_TASK REQUIREMENTS_
Copy nothing but the lines from the opening of the entries through the line that contains "Modern kitchen with", exactly as written. Drop the pictures.

_RECORDS PROVIDED_
________________________________________
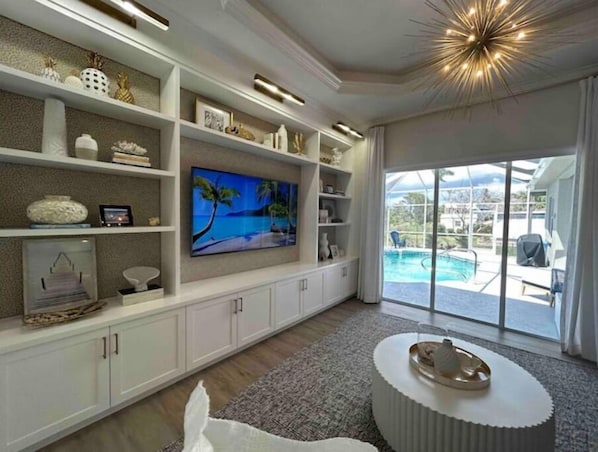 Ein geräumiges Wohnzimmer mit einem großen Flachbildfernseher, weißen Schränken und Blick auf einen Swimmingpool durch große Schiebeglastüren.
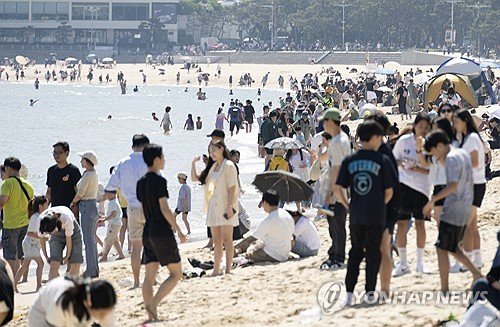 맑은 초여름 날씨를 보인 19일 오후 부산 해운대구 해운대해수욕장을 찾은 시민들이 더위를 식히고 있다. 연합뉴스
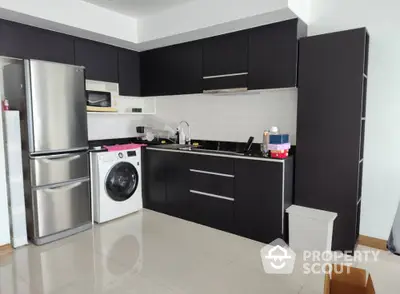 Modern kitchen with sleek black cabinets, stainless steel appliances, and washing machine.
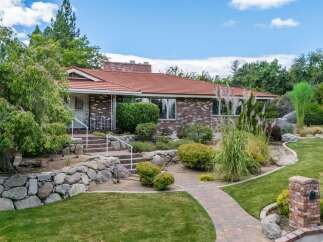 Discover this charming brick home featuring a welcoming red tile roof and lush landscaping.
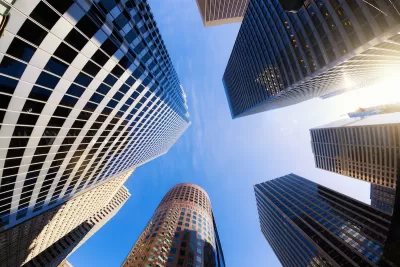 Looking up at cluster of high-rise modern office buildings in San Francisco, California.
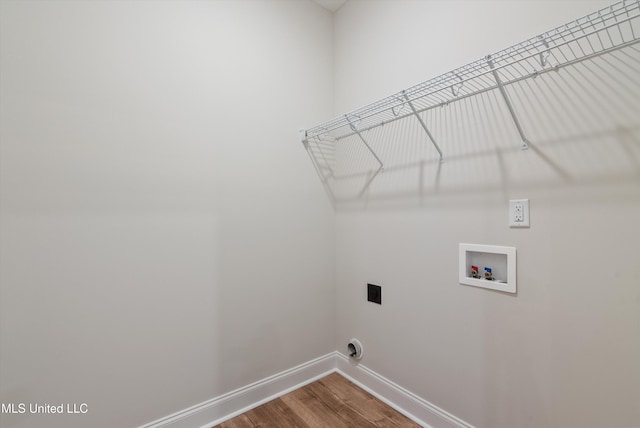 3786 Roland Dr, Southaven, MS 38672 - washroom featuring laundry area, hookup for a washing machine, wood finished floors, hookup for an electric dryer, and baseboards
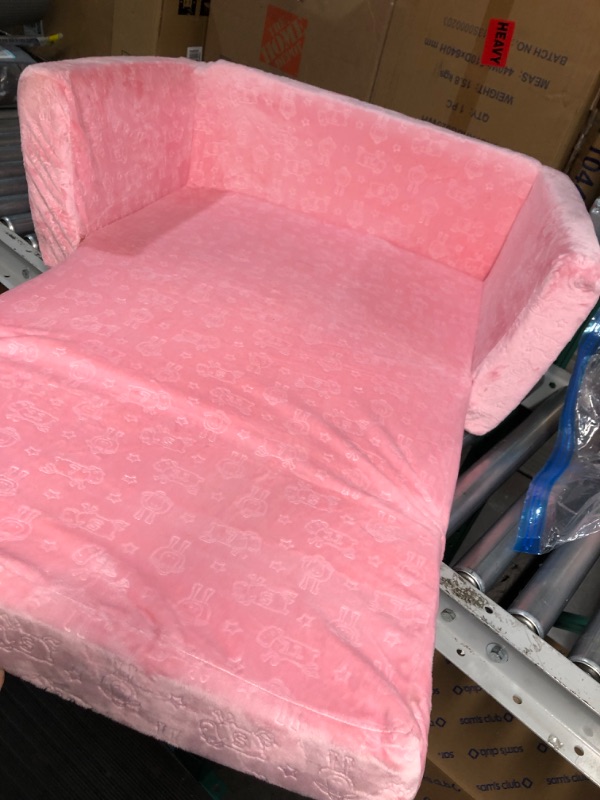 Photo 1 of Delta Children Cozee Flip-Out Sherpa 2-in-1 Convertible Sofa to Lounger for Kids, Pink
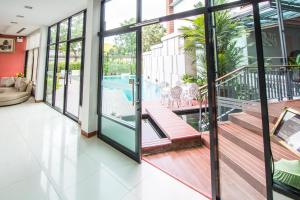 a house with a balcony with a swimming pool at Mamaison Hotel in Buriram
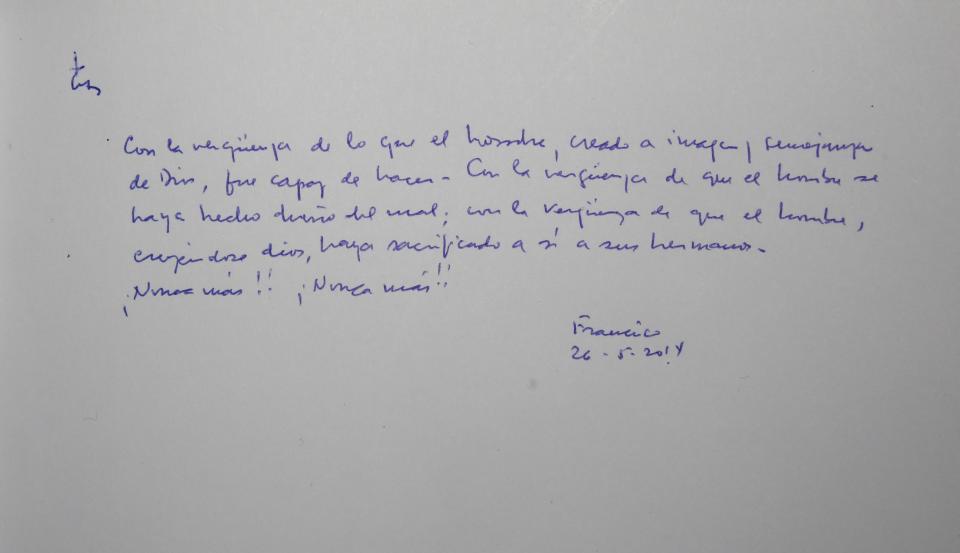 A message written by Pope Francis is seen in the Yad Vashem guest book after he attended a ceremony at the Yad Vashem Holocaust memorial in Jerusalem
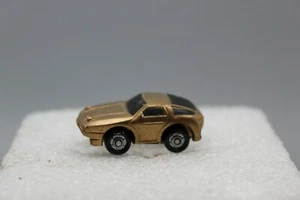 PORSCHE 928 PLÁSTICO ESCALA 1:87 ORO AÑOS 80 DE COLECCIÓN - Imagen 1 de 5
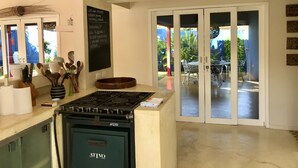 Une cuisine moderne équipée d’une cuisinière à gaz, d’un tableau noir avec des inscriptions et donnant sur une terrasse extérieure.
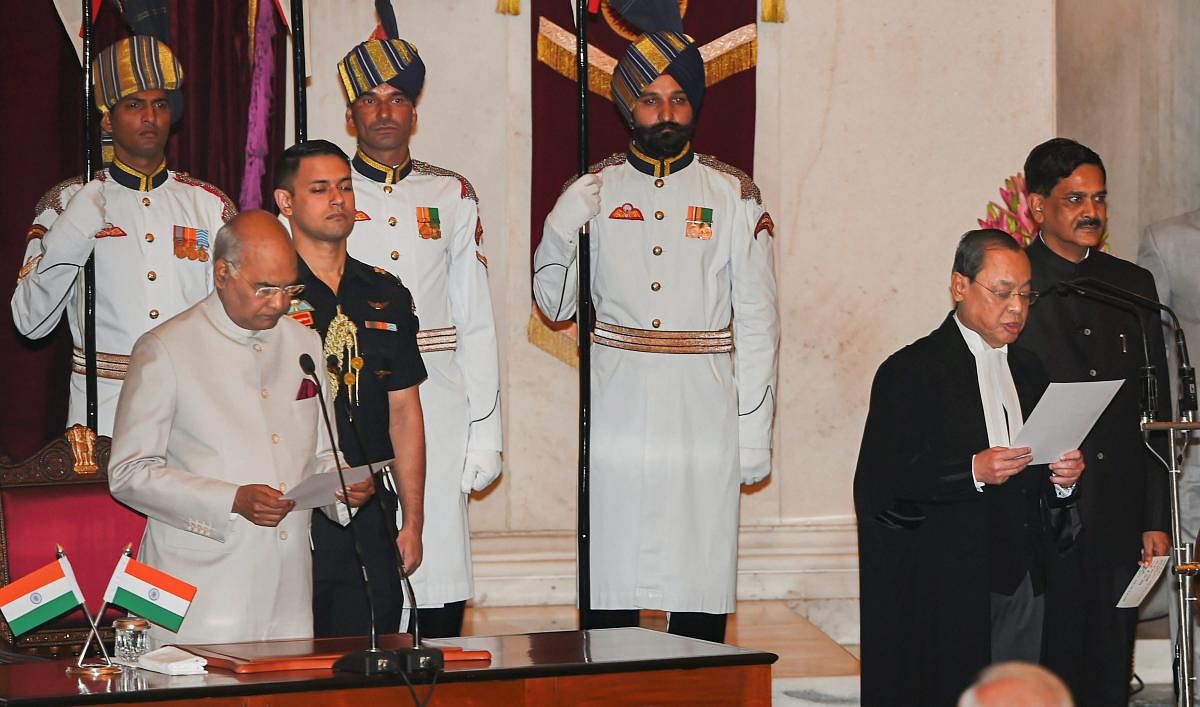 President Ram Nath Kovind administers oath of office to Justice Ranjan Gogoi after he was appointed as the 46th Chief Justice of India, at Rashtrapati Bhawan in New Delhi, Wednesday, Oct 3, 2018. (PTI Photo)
________________________________________
_FINAL ANSWER_
 Ein geräumiges Wohnzimmer mit einem großen Flachbildfernseher, weißen Schränken und Blick auf einen Swimmingpool durch große Schiebeglastüren.
 맑은 초여름 날씨를 보인 19일 오후 부산 해운대구 해운대해수욕장을 찾은 시민들이 더위를 식히고 있다. 연합뉴스
 Modern kitchen with sleek black cabinets, stainless steel appliances, and washing machine.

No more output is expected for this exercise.